I'm not arguing the point that I made a stupid decision. (Although I would still debate that a deposit is not quite a purchase.) Quite the contrary, I admit that I made a mistake. But what I am arguing is that what happened to me was a terrible business practice: he should've told me straight up that I was putting down a non-refundable deposit for...(???) but he didn't. It's basically that simple. That, imho, is hard to defend in today's economy, with everyone going online. (BTW, he also scribbled out a list of stuff that was "bundled" at $1800 (no break down) handing it to me after the fact.) Probably just my bad luck to end up at this particular shop I suppose.

I still hope I can work it out, but look what he's bringing on himself: me writing about it on this forum (and others), calling the better business bureau, and so on, all in hopes that I can sway people who can really spend a lot to go somewhere else. Is that what he wants?? Bad decision on his part if you ask me.

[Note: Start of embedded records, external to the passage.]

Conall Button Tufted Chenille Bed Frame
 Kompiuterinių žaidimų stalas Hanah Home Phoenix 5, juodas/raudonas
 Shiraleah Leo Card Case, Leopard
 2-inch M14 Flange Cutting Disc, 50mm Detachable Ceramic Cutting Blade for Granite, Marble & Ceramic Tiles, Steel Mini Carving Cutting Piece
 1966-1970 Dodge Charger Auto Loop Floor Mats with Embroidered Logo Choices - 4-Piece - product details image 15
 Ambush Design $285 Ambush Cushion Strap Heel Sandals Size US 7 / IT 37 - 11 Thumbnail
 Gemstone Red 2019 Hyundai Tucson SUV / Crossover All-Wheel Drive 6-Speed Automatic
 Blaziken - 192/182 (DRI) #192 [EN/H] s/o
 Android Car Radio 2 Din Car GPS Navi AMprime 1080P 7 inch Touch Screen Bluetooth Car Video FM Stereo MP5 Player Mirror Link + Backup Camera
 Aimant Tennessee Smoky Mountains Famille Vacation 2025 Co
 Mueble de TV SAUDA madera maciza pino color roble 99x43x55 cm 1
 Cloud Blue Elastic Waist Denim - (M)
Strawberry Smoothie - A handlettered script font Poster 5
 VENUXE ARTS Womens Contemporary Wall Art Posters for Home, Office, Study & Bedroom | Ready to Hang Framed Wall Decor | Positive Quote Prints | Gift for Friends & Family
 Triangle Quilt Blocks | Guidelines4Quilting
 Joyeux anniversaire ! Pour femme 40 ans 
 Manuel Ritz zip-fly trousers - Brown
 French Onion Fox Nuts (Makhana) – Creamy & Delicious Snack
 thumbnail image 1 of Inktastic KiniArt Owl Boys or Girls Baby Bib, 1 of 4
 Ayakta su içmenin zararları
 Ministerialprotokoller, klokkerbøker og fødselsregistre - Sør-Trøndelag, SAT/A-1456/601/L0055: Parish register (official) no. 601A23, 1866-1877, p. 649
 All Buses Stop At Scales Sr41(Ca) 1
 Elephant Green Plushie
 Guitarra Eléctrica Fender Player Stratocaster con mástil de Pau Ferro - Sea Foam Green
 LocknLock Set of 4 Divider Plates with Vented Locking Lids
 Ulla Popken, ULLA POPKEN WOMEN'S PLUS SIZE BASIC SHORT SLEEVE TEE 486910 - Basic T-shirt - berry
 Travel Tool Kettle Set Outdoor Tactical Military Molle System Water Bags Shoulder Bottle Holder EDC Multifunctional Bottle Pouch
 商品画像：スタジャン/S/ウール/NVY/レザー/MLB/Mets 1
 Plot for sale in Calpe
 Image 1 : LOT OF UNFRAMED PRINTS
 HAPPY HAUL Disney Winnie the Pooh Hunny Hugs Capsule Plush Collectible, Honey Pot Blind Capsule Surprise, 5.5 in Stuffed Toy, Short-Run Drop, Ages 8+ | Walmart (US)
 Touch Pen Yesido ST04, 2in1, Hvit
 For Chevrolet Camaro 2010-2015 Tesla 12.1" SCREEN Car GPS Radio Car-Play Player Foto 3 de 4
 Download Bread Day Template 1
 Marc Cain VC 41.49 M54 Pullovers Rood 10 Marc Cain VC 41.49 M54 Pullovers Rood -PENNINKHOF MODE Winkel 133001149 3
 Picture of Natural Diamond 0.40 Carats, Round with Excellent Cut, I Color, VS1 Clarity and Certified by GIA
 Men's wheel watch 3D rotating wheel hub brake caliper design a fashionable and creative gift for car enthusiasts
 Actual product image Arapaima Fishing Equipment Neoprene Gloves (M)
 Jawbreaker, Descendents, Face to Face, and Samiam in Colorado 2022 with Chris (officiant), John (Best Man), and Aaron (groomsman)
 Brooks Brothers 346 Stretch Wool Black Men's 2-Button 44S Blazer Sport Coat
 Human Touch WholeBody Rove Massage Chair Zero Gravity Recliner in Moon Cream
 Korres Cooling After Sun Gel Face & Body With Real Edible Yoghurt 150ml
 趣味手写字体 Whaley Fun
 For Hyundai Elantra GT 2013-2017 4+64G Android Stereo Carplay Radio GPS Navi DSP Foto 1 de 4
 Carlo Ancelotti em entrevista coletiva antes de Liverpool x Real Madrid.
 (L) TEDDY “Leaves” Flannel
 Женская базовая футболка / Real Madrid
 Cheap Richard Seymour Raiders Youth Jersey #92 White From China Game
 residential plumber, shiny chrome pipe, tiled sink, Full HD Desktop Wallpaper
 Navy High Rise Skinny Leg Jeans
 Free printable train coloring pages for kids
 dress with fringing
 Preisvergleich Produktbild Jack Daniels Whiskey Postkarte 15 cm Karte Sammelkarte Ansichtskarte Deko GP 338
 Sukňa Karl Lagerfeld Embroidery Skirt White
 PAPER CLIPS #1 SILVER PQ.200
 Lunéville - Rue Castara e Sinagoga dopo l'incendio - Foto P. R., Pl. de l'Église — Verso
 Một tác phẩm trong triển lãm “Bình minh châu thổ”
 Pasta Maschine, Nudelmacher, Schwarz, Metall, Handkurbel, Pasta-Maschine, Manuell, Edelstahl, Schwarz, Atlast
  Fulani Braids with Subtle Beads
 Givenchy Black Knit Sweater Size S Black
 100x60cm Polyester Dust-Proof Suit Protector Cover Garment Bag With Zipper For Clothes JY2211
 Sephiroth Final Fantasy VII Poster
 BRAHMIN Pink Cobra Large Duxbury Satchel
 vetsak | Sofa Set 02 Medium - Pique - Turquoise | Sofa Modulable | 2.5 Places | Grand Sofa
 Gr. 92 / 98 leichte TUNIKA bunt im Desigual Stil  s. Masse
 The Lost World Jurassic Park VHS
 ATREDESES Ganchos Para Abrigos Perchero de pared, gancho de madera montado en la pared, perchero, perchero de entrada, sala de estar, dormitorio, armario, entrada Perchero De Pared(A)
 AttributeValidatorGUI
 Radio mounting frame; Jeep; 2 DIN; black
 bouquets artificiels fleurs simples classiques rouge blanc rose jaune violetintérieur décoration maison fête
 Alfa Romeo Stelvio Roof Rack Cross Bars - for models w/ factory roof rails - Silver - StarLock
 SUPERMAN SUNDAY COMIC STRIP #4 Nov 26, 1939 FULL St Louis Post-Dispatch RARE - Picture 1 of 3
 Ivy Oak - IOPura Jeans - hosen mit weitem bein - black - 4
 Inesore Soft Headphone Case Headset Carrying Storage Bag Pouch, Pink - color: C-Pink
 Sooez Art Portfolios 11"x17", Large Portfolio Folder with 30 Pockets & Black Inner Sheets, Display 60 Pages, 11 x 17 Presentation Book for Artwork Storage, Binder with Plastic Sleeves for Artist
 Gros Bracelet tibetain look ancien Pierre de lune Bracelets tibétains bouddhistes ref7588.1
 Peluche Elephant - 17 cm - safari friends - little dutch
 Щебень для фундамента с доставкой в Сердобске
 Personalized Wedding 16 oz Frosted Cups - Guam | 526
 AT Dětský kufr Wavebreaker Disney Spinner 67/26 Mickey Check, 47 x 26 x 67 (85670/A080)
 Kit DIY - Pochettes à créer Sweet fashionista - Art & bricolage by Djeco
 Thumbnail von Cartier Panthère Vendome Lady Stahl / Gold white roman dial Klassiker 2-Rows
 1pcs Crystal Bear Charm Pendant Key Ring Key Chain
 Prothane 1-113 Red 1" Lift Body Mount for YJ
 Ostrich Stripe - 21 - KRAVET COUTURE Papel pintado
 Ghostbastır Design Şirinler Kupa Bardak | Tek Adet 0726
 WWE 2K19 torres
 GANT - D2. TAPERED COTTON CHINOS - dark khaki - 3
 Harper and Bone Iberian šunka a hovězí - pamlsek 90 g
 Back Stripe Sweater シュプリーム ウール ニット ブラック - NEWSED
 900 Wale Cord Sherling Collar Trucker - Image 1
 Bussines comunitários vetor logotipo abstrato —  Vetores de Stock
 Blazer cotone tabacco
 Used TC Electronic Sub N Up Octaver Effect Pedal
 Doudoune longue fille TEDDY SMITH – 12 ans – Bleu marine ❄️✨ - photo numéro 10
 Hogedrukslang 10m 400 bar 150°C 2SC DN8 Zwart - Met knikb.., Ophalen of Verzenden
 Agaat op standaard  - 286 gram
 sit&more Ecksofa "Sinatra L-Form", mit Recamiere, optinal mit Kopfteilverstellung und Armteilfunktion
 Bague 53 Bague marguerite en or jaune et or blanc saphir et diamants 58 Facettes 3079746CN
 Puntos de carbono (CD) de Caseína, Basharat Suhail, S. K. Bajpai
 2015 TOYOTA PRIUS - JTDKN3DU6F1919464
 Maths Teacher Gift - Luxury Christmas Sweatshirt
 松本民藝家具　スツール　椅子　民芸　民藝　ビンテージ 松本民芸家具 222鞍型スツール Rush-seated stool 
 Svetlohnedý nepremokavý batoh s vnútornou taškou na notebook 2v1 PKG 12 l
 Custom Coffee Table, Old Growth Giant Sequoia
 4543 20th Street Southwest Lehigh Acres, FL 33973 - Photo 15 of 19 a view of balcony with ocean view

On the bright side, I see it as a valuable, life lesson. I will never let that happen again and perhaps I can find a good business through this site. Is there a thread dedicated to GOOD businesses on here??


----------



## Catman (Mar 18, 2008)

The problem is that most people believe that B&M = Good ....and internet = bad. There are good and bad in both. However I've seem MUCH more bad B&M than internet.

>^..^<


----------



## ptannjr (Jun 18, 2008)

2500hd said:


> ptannjr, I have a some suggestions that might help you grow your "DIY" customer base.
> 
> 1) Hold workshops or tutorials on basic to advanced installs. Many guys may not have the knowledge or experience to complete an install in their own car. You could charge the same rate as if you were doing a regular install, just have your diy customer there learning/working on their own car.
> 
> ...


Those are great ideas. 

1) are you suggesting me put together say a 2 hour class and charge each attendee 2 hours labor rate? 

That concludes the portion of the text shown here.